Amazon named Philadelphia, along with Pittsburgh, among the 20 North American localities under consideration for the headquarters project. The company has said it plans to invest more than $5 billion on the campus, where it will employ up to 50,000 people.

This week's decision by the Open Records Office represents the latest challenge to efforts by local and state officials to keep their offers to the Seattle company under wraps for fear of tipping off other competitors for the campus in the United States and Canada.

"The city and PIDC have not demonstrated how the city incentives have economic value by not being known to other persons, or how those other persons can obtain economic value from its disclosure," Benjamin A. Lorah, an appeals officer with the state Open Records Office, wrote in his ruling. "The city is required to disclose the city incentive proposal to the requester within 30 days."

Mayor Kenney's spokesman Mike Dunn and PIDC spokeswoman Jessica Calter said in separate but identically worded statements that officials are reviewing the ruling but "anticipate filing an appeal to the Court of Common Pleas."

Shannon's original Jan. 18 request under the state's Right-to-Know Law asked for all documents sent by Philadelphia to Amazon in response to the company's September 2017 request for bids to host the second headquarters, according to background information contained in the ruling.

More than a month later, she received a version of Philadelphia's pitch to the company with details of financial incentives for the company redacted, under the justification that the enticements constitute confidential proprietary information and a trade secret.

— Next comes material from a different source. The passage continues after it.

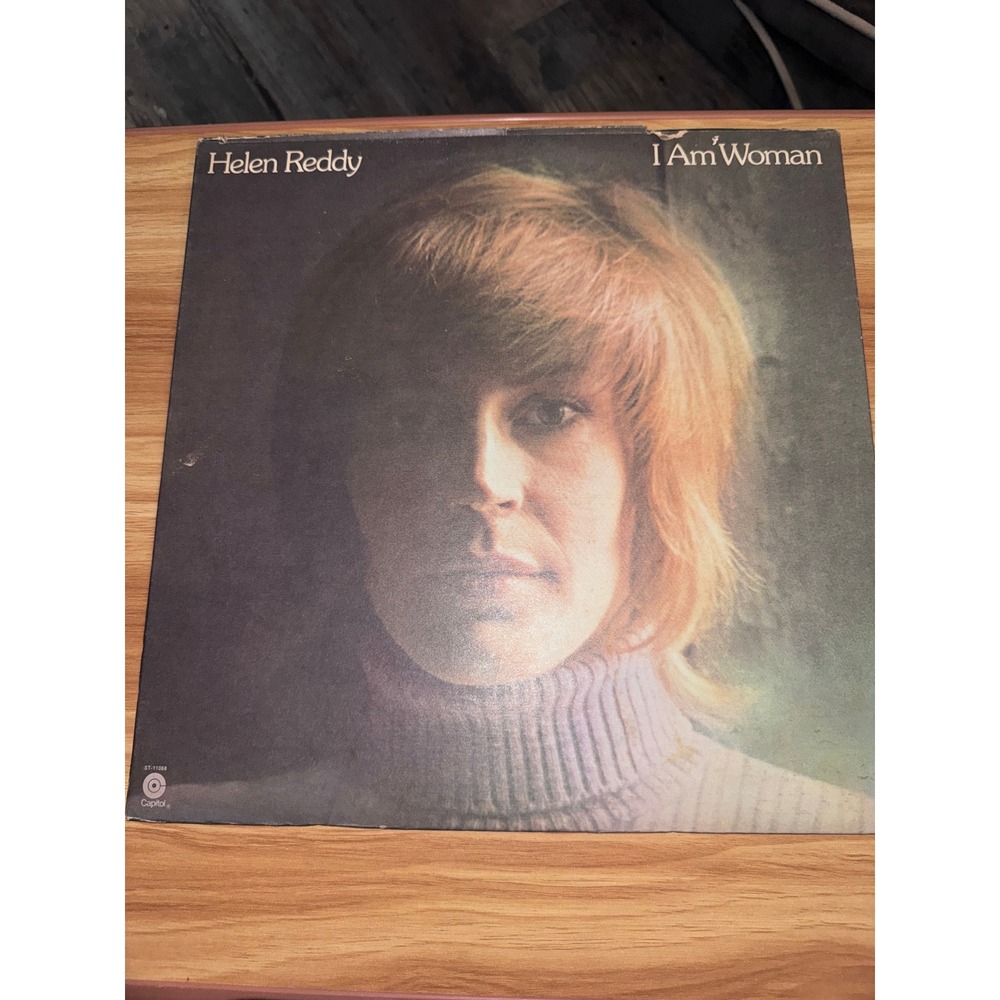 Helen Reddy I Am Woman Vinyl LP Album 1972 Capitol Records ST-11068 Pop Rock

The Inquirer was sent a similarly redacted document in December in response to a request filed under the public records law. It is awaiting a response to a second set of requests that city officials have said would be delivered by April 30 after the newspaper granted them a series of extensions beyond an original due date in early March.

Shannon identified herself in an email to the Inquirer last month as a defense lawyer on insurance cases and said she was seeking details of the proposal as a "potentially disgruntled citizen." She challenged the city's grounds for withholding the incentives package in her appeal to the Open Records Office, which ultimately sided with her in its decision this week.

Shannon did not immediately respond to a request for comment.

Chamber of Commerce president Rob Wonderling said in October that Pennsylvania officials were prepared to offer the company more than $1 billion in tax incentives if the state were selected but declined to share more specific details.

Documents released to the Inquirer in March in response to a Right-to-Know request refer to a Department of Community and Economic Development incentive proposal that was "specifically created for the HQ2 Project," but any information quantifying those incentives had been redacted.

The decision comes days after Gov. Wolf's administration filed a lawsuit seeking to overturn an Open Records Office order to release proposals it had worked on for sites in Philadelphia, Pittsburgh, and the Lehigh Valley to the Morning Call newspaper of Allentown.

"It's an ongoing, highly competitive process in which terms that other cities and states could offer could change, so we believe it makes the most competitive sense for us to have appropriate leverage in the process to make sure Pennsylvania is best positioned to get this," Wolf's spokesman J.J. Abbott told the Associated Press after the suit was filed Tuesday.

The City of Pittsburgh and surrounding Allegheny County also sued to block the release of their bids after being ordered to do so in response to a request by Pittsburgh's WTAE-TV.

Outside the state, few candidates on Amazon's shortlist of 20 locations have shared details of their offers to the company.

Maryland, where lawmakers earlier this month approved $6.5 billion in tax incentives for the company, is one exception. That package came in addition to $2 billion pledged for infrastructure and transportation improvements in the area of Montgomery County, outside Washington, that Amazon has under consideration, the Baltimore Sun reported.

Former New Jersey Gov. Chris Christie, meanwhile, signed legislation in January offering $7 billion in state and city tax credits for the company to locate in Newark. Still, the city released its actual proposal to the company only this week in response to a lawsuit, with five pages of the more-than-200-page document redacted, NJ.com reported.